Dimitri Riabouchinsky's works can be classified under eight headings


  
  • Aerodynamics
  • Astrophysics
  • Ballistics
  • Subsonic, Transsonic and Supersonic Dynamics
  • Geometry
  • Hydrodynamics
  • Mathematical Philosophy 
  • Theoretical Physics

Aerodynamics


The Koutchino aerodynamic wind-tunnel dates back to the heroic epoch when very little was known about the laws of flight.

All had to be imagined and worked out : devices and methods. The field for investigation was wide and it was no easy matter to select the most important problems. Very soon, owing to a serie of researches, Koutchino took the lead.

Ten years after the foundation of the Koutchino Institute, Dimitri Riabouchinsky received from Paris the aeronautical world centre and specialists from all the world proof that his work had been very important in this period.

a) Let us note on this occasion that Dimitri Riabouchinsky's ideas on the autorotational motion and his researches on this subject, in 1905-1906 found practical confirmation only fifteen years after, when aircraft development took place after the first world war (autogyros, spin)

b) The same remark applied to the so-called "hypersustention devices" (slotted wing principle), which are now in common practice.

c) Research on propellers made at that time in Koutchino was an important step towards knowledge of propulsion and static sustention or sustention against a lateral relative wind (helicopters).

Dimitri Riabouchinsky extended his observations to wind-mills and braking-screws, by varying their relative pitch. In water, these results were confirmed in 1922, in a book entitled "Electric ship propulsion" by Commander S. M. Robinson, USA. (Simmon Broadman Publishing Company) and in 1931, by Dr. H. F. Nordström, Statens Skeppsprovningsanstalt, Götenberg, Sweden.

d) Dimitri Riabouchinsky devoted several works to the comparative study of aerodynamic wind- tunnel various systems and, in 1922, he enlightened the question of influence of wind-tunnel type and dimensions, flow turbulence and soustainment of the model on observation results. For instance, whether a thin square plate is held in the flow by its center or by its edge, a discontinuity in pressure variation is obtained or not; artificial increasing of flow turbulence has the same effect as holding the plate by its edge.
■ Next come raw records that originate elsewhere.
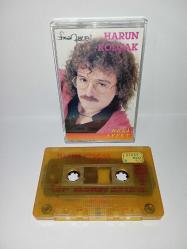 Kaset Harun Kolçak beni affet albümü.  Orijinal. Kartonette yazı var. sorunsuz çalışıyor.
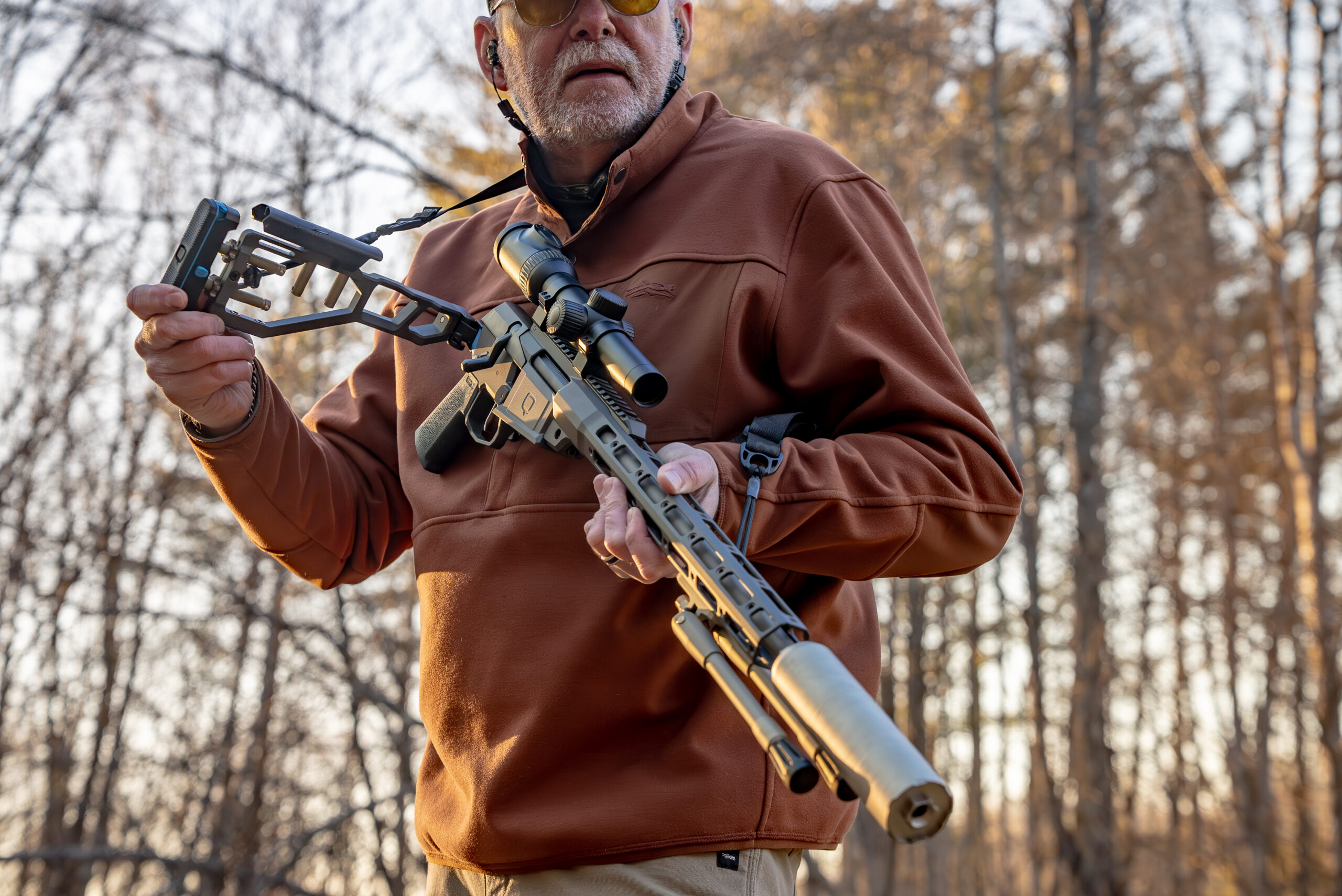 A shooter fold down the buttstock of the Q Fix rifle. 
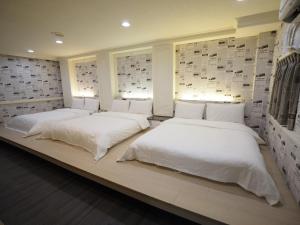 2 camas sentadas en un banco en una habitación en 合悅都會商旅 Heyue HOTEL en Hsinchu City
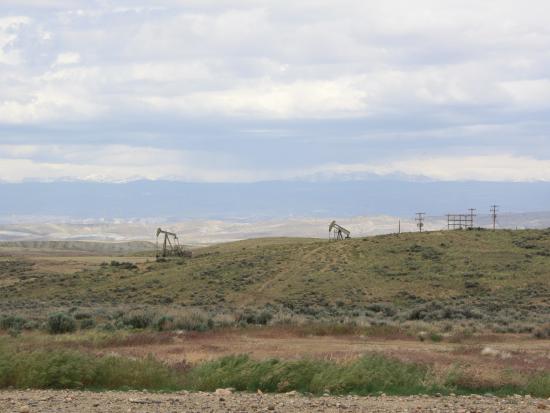 Desert landscape with oil rigs. 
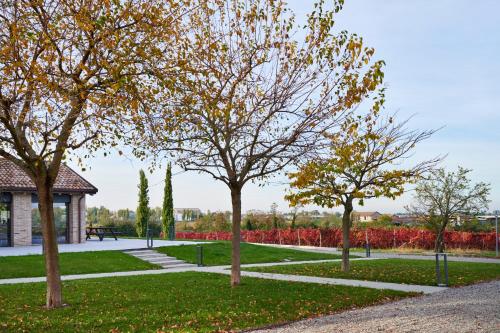 a group of trees in a park with a building at Agriturismo La Razza in Reggio Emilia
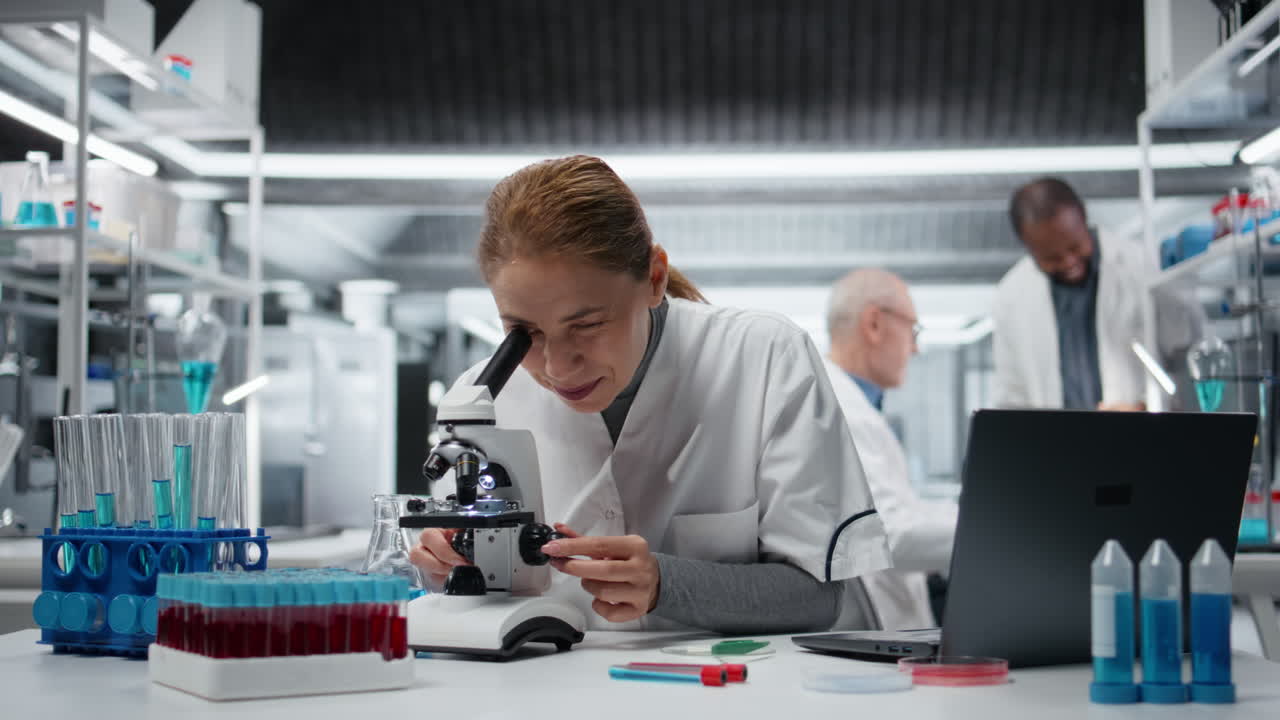 Portrait of smiling scientist examining pathology slides under microscope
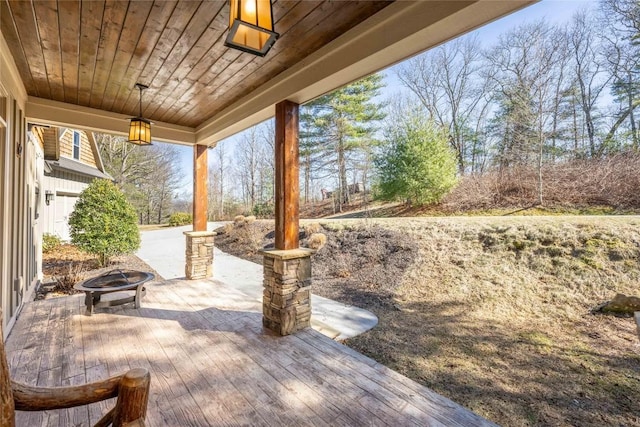 view of patio / terrace with a fire pit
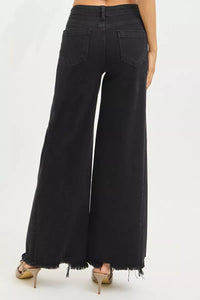 Black wide-leg jeans worn by a person on a white background
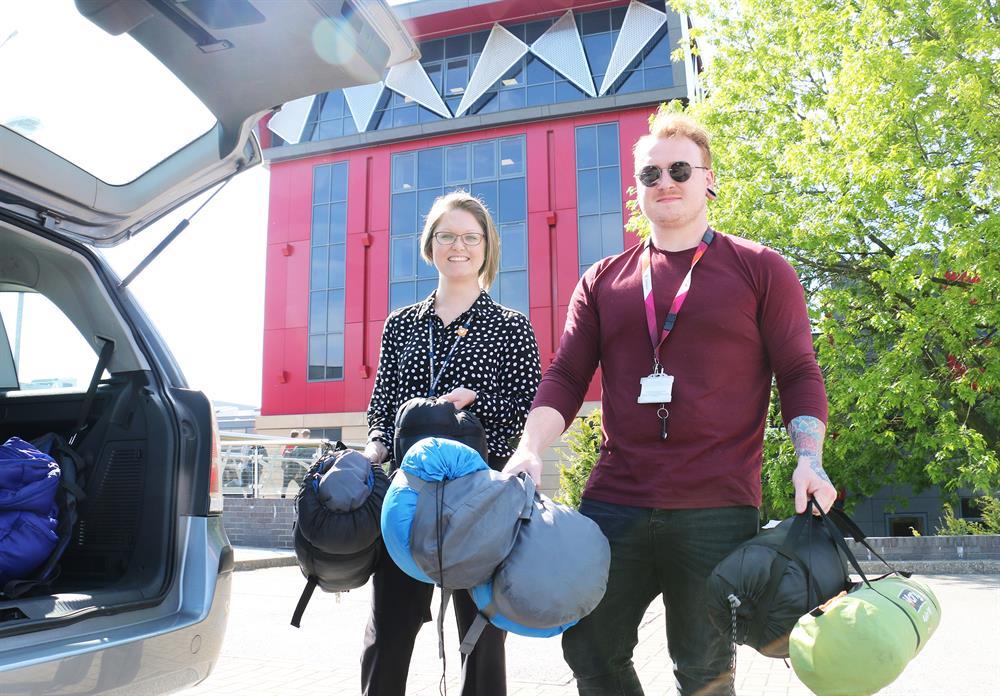 Sam Cooling-Severns (left) helps Louis Hope (right) load up the outreach vehicle with supplies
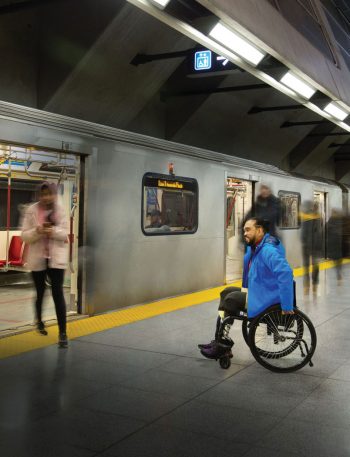 A man in a wheelchair waits to board a subway train.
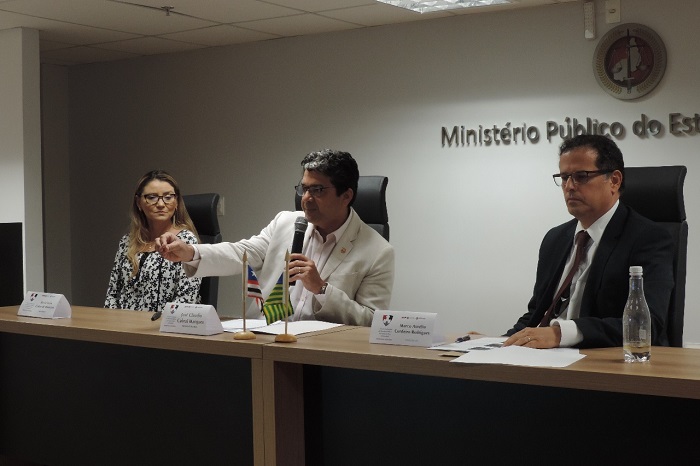 Três pessoas sentadas atrás de uma mesa 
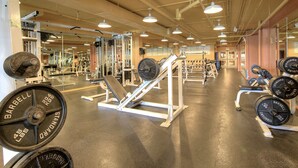 Un gimnasio con equipamiento para levantamiento de pesas, espejos y un interior limpio y bien iluminado.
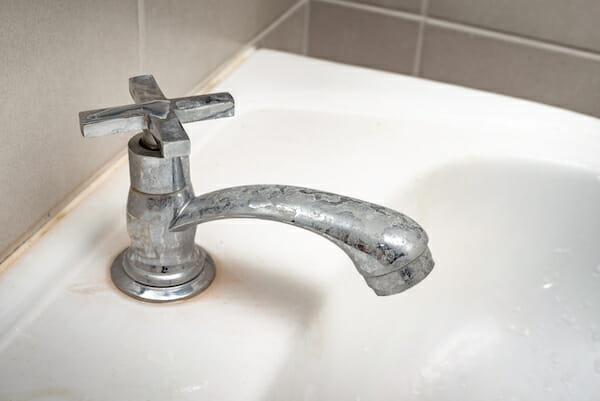 A bathroom sink faucet with visible lime and mineral deposits on the metal surface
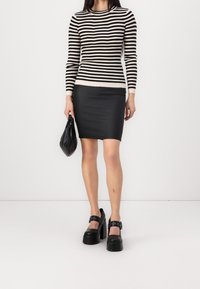 Kvinna iförd en svart och vit randig långärmad topp, svart mini kjol, svarta platåskor, hållande en svart handväska mot vit bakgrund.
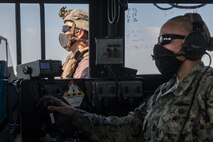 201015-N-KC128-0229 NAVAL SUPPORT ACTIVITY BAHRAIN (Oct. 15, 2020) - Sailors assigned to Commander, Task Force (CTF) 56 stand watch aboard a Mark VI patrol craft during an underway in the Arabian Gulf, Oct. 15. CTF 56 is responsible for the planning and execution of expeditionary missions in the U.S. 5th Fleet area of operations in support of naval operations to ensure maritime stability in the Central Region, connecting the Mediterranean and Pacific through the Western Indian Ocean and three strategic chokepoints to the free flow of global commerce. (U.S. Navy photo by Mass Communication Specialist 1st Class Daniel Hinton)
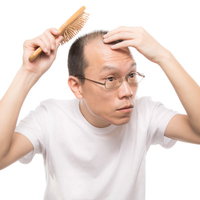 頭皮ケアブラシでマッサージする薄毛男性の写真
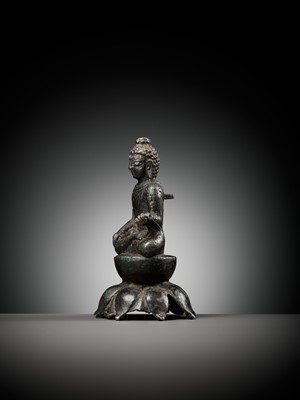 Lot 237 - A SILVERED COPPER-ALLOY FIGURE OF BUDDHA SHAKYAMUNI WITH SILVER-INLAID EYES, SWAT VALLEY, 7TH-8TH CENTURY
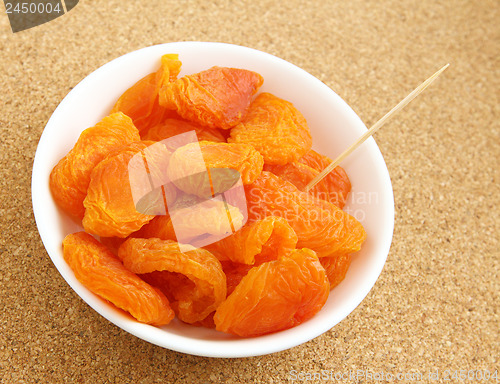 Image of Dried apricots with toothpick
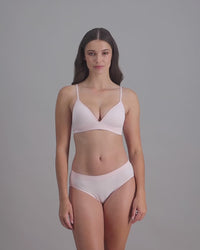 model-wears-light-pink-lingerie-set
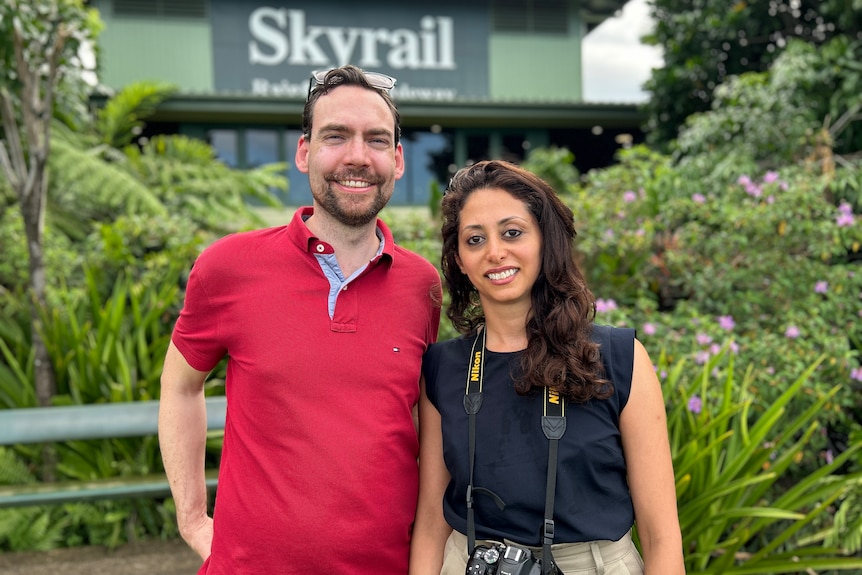 A young man and woman pose for a photo infront of some bushes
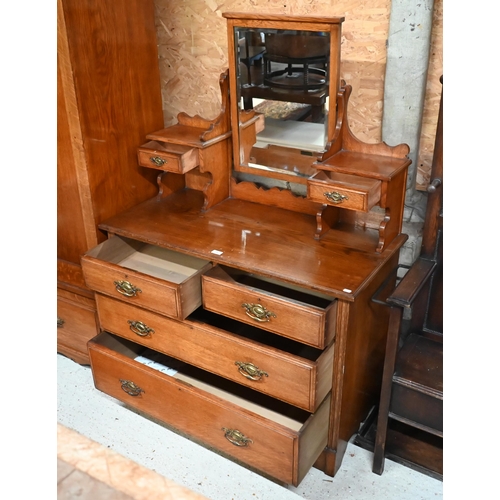 203 - # An Edwardian Golden Oak mirror backed dressing chest, 108 x 50 x 160 cm high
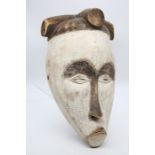 An African Tribal mask, female head with head dress, white heightening  Provenance: from a Private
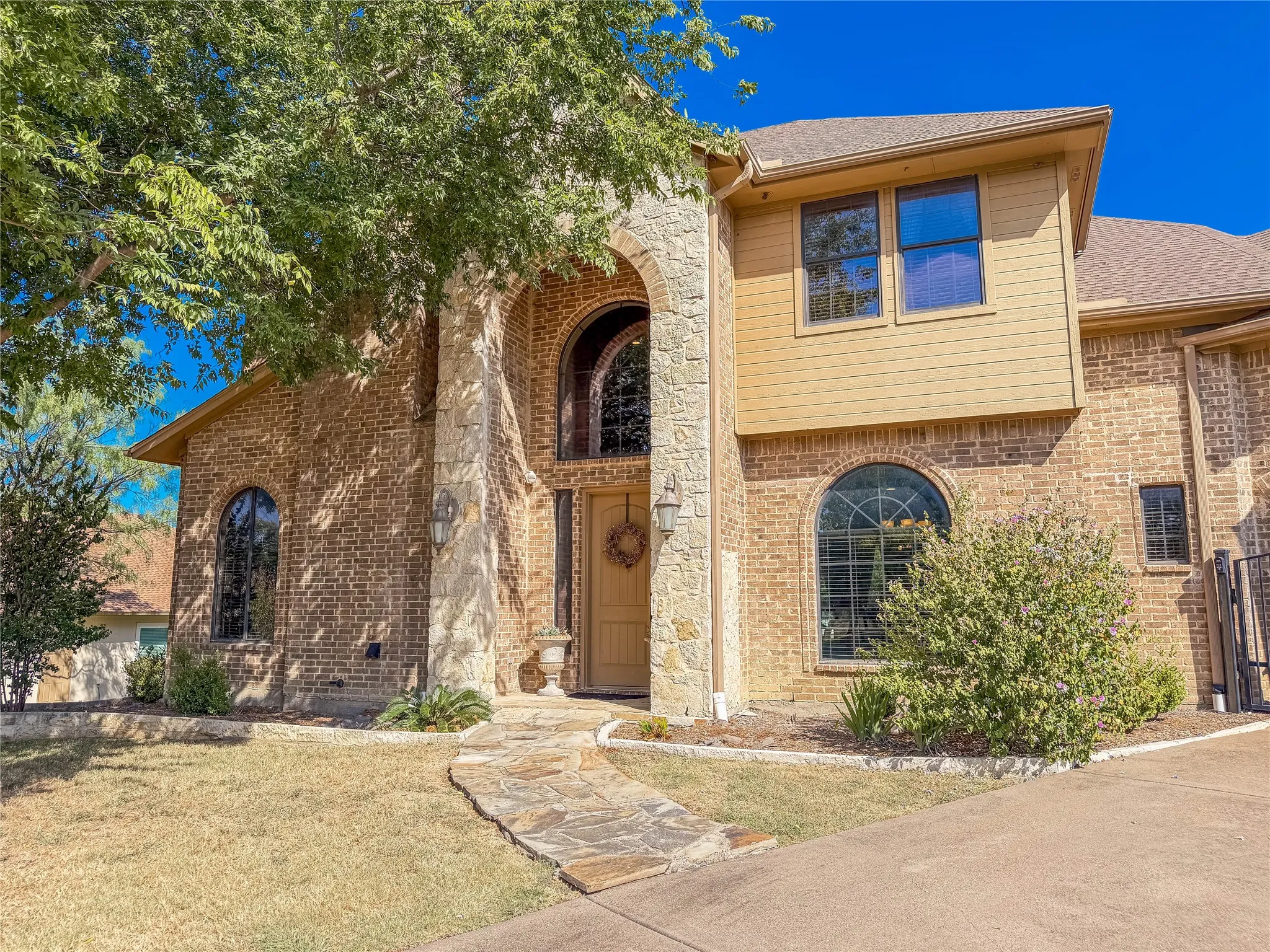 Brick exterior with stone accents and a prominent arched entryway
In 1913, in the article "Flüssigkeitsbewegung" published in the first edition of the Handwörterbuch der Naturwissenschaften and in the extract of this article entitled "Lehre von der Flüssigkeits und Gasbewegung", L. Prandlt, referring to the sharp maximum and the discontinuity in the resistance rate of a plate, wrote: "In a turbulent flow the phenomenon no longer exists (Riabouchinsky)."

e) We are indebted to Dimitri Riabouchinsky for an interesting method aerodynamic spectra, pertaining to visualization of air flows around on obstacle placed upon an horizontal metallic plate besprinkled with lycopod powder. Stream line appearance is determined in the lycopod powder by striking the border of the surface. Dimitri Riabouchinsky named this phenomenon "boundary layer striation". According to a theory, he developed, vortex lines are orthogonal with flow lines within close vicinity from the surface; but, if the kinematic viscosity is insufficient, vortex lines and stream lines tend to coincide within a certain distance from the surface. This striation is found again when using wet paint, instead of lycopod powder, in water (Barillon, Hinderks, Winter), in a subsonic high speed wind tunnel (Higgins, Jacobs, Weick) and in a supersonic wind tunnel (Riabouchinsky, Wolkowisky, Katlama).

Dimitri Riabouchinsky demonstrated, in 1930 that stream lines could be obtained by Hele Shaw's method in cyclic movements when a suitable "barrier" is introduced between the glass walls.

Mrs V. Popovitch-Schneider applied this theory to calculate the shape of theses "barriers" in the case of certain movements with circulation, and experimentally confirmed it.

f) As early as 1908, Dimitri Riabouchinsky undertook the study of air friction, using the momentum projection theorem, and constructed an apparatus based on this principle. He completed this research by studying discs rotating in their plane, in air and in water. He was the first, to apply integral equations to the study of laminar and turbulent frictional resistance.

g) In January 1910 he studied the movements of plain and articulated pendulums, the initial oscillations of witch are determined by Bénard's alternative eddies.

He also foresaw and took photographic records of opening, accompanying and landing vortices of a parachute, using the analogy he pointed out between cavitations in liquids and sudden local variations of density in gases.

h) As early as 1909, Dimitri Riabouchinsky systematically used in aerodynamics the method now named "dimensional analysis" for representing graphically experimental data.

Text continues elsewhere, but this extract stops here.